▶ RECORDS FOR THE EXERCISE

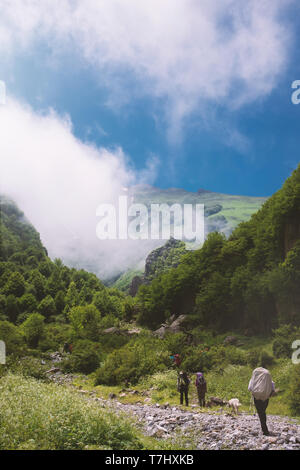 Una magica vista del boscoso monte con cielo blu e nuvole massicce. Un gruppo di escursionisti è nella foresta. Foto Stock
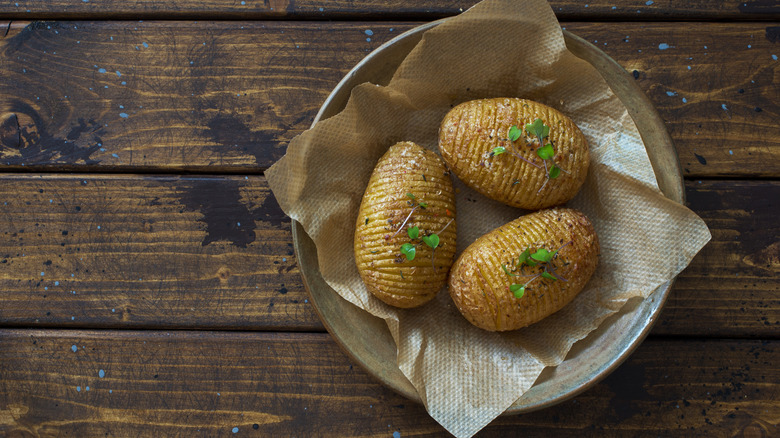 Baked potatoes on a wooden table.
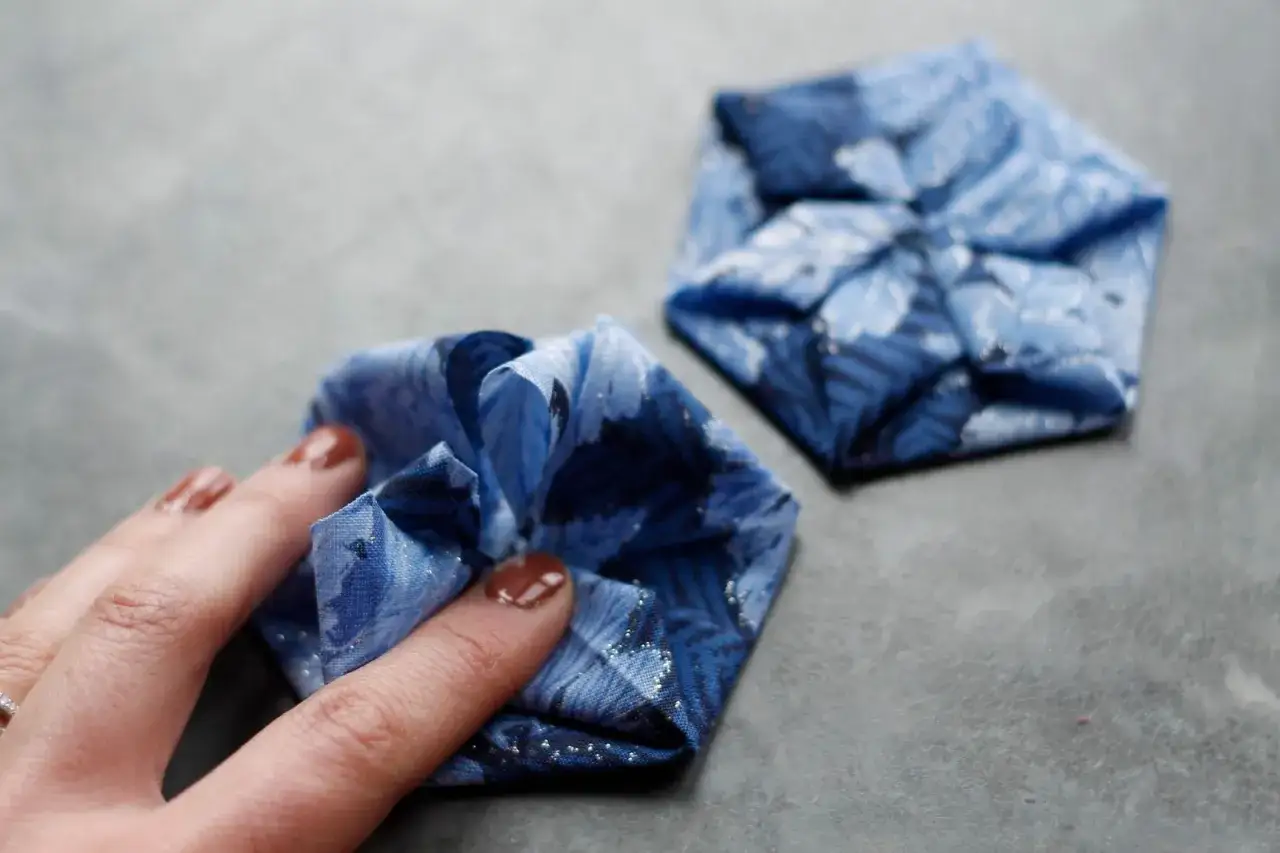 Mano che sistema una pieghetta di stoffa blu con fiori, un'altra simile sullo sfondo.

==

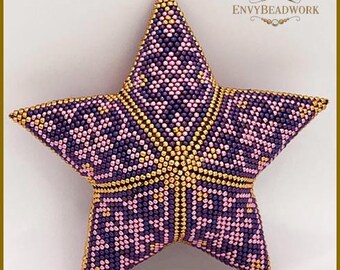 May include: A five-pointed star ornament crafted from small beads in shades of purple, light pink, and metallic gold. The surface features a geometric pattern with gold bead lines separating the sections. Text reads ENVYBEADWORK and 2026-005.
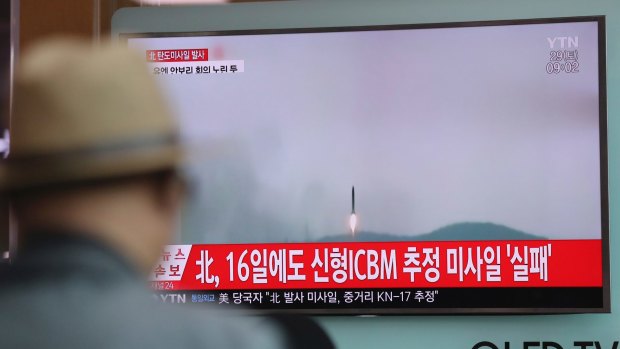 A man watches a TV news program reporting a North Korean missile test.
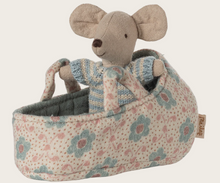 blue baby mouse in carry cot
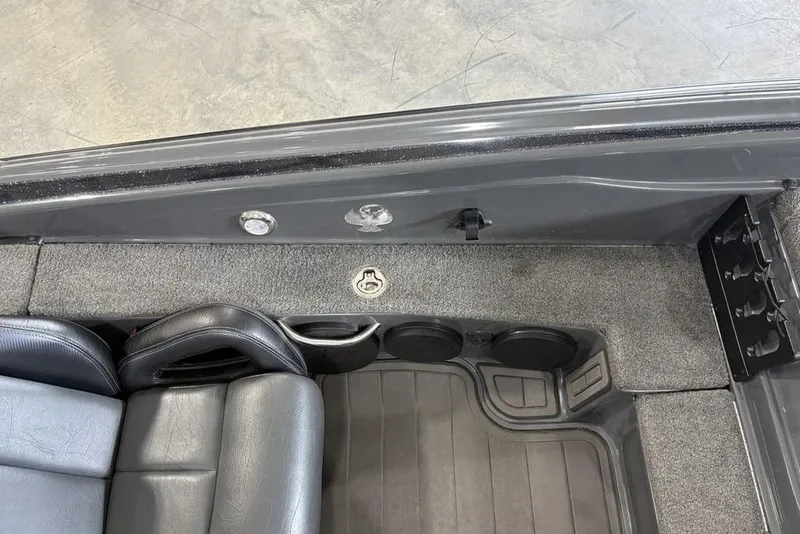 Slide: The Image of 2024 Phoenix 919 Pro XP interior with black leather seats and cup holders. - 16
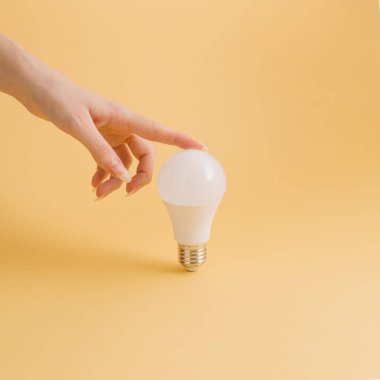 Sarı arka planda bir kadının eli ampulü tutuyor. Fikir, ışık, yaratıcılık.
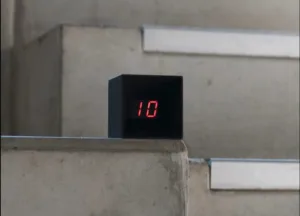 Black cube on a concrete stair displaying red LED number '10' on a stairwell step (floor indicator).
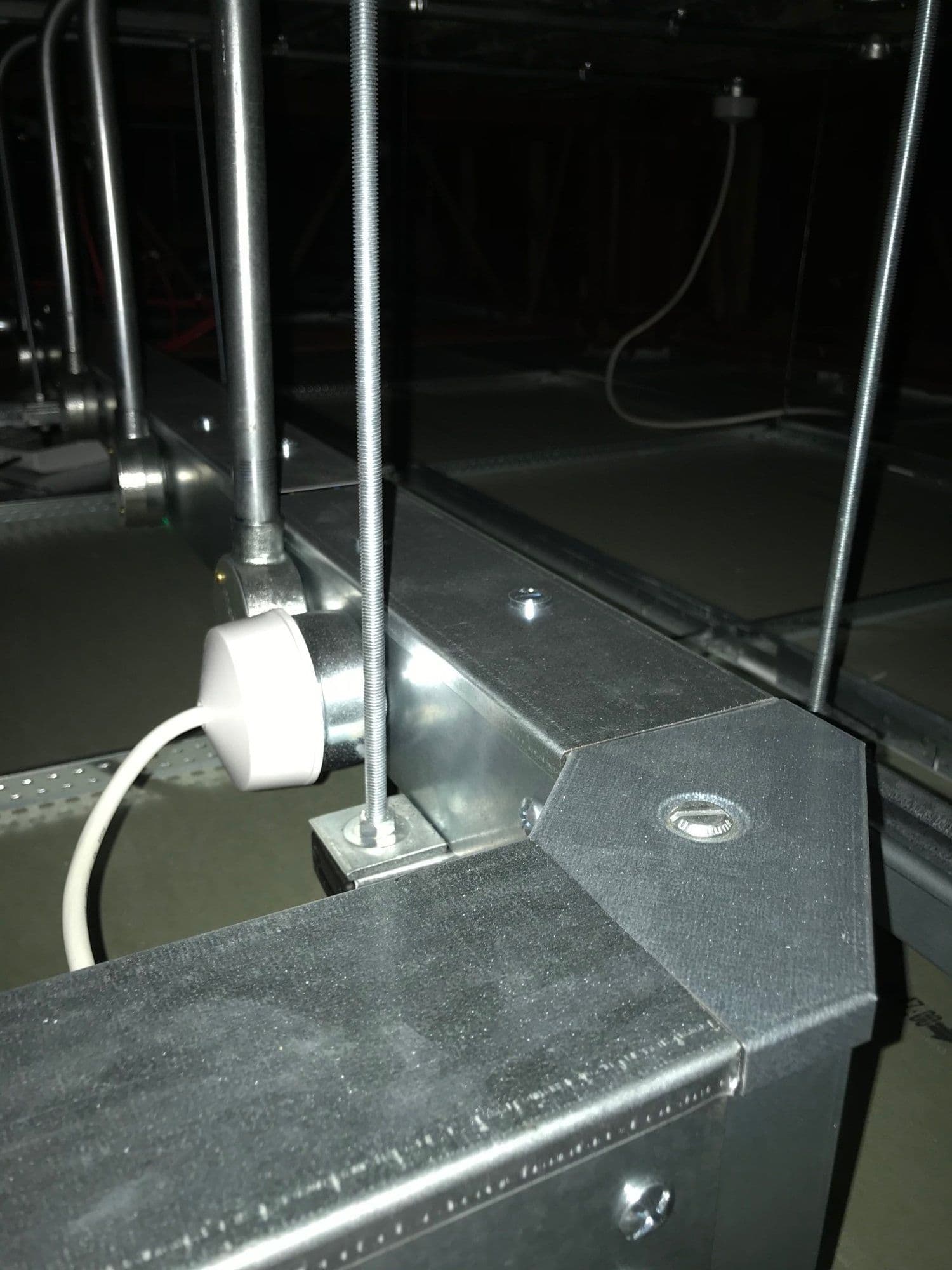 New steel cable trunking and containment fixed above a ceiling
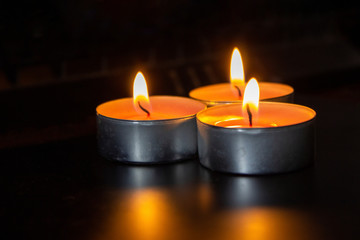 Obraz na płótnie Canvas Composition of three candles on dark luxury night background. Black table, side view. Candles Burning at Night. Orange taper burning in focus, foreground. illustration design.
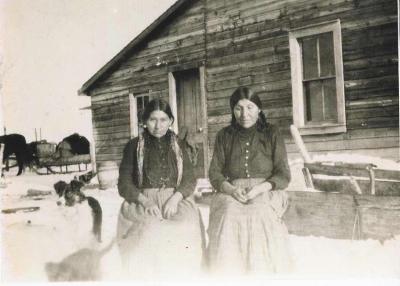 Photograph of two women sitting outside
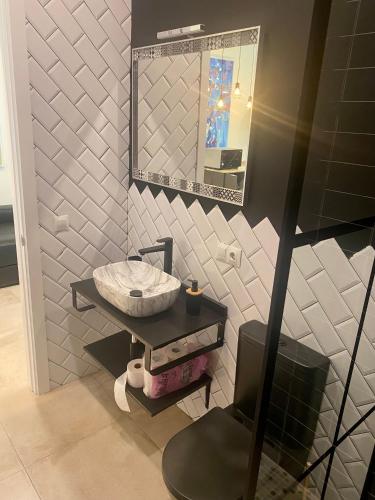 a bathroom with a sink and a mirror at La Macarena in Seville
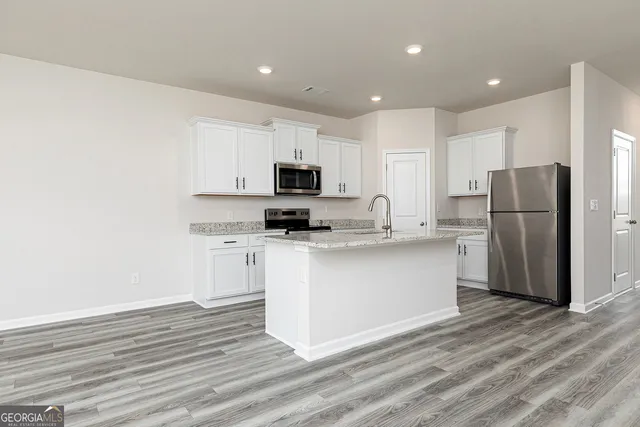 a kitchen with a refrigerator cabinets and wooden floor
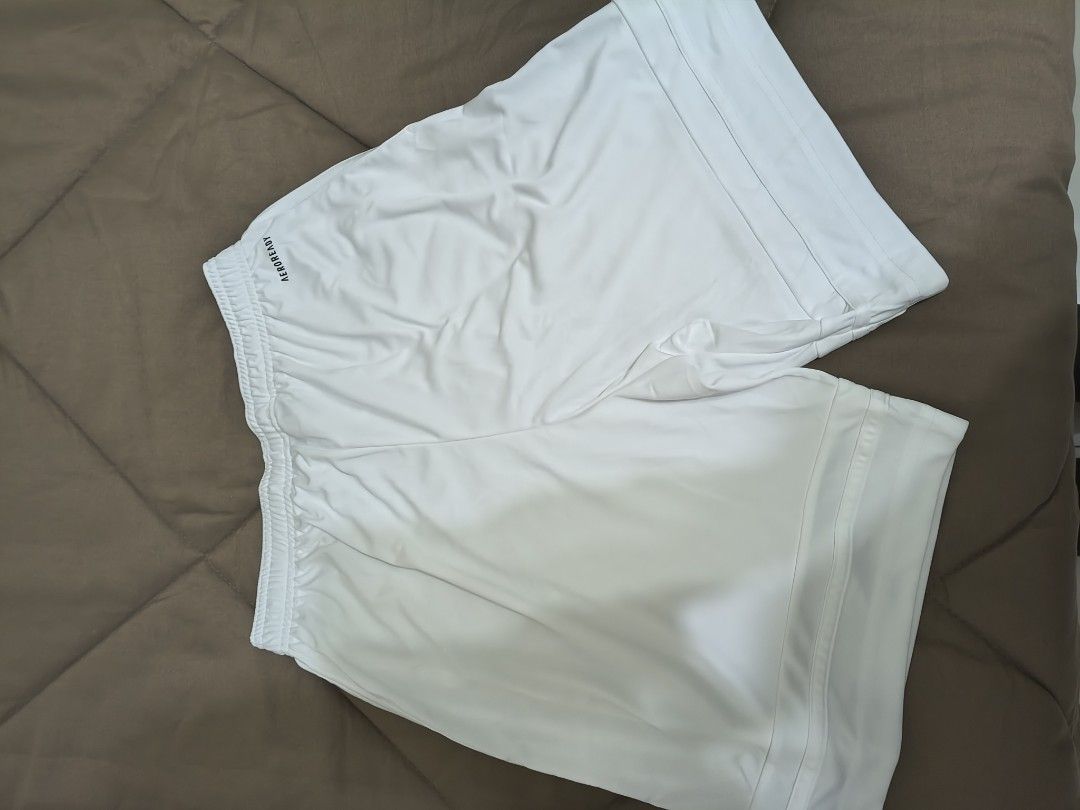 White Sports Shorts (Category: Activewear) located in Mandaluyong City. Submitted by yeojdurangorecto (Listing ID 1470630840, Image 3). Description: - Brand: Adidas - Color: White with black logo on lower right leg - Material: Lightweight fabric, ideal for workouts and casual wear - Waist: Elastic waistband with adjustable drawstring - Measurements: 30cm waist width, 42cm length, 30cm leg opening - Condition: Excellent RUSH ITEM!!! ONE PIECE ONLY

▶ WORK REQUEST
Extract, without any images, the part of the material above that opens with the line containing "Una magica vista" and closes with the line containing "Mano che sistema", both lines included.

▶ ANSWER TO THIS PROBLEM
 Una magica vista del boscoso monte con cielo blu e nuvole massicce. Un gruppo di escursionisti è nella foresta. Foto Stock
 Baked potatoes on a wooden table.
 Mano che sistema una pieghetta di stoffa blu con fiori, un'altra simile sullo sfondo.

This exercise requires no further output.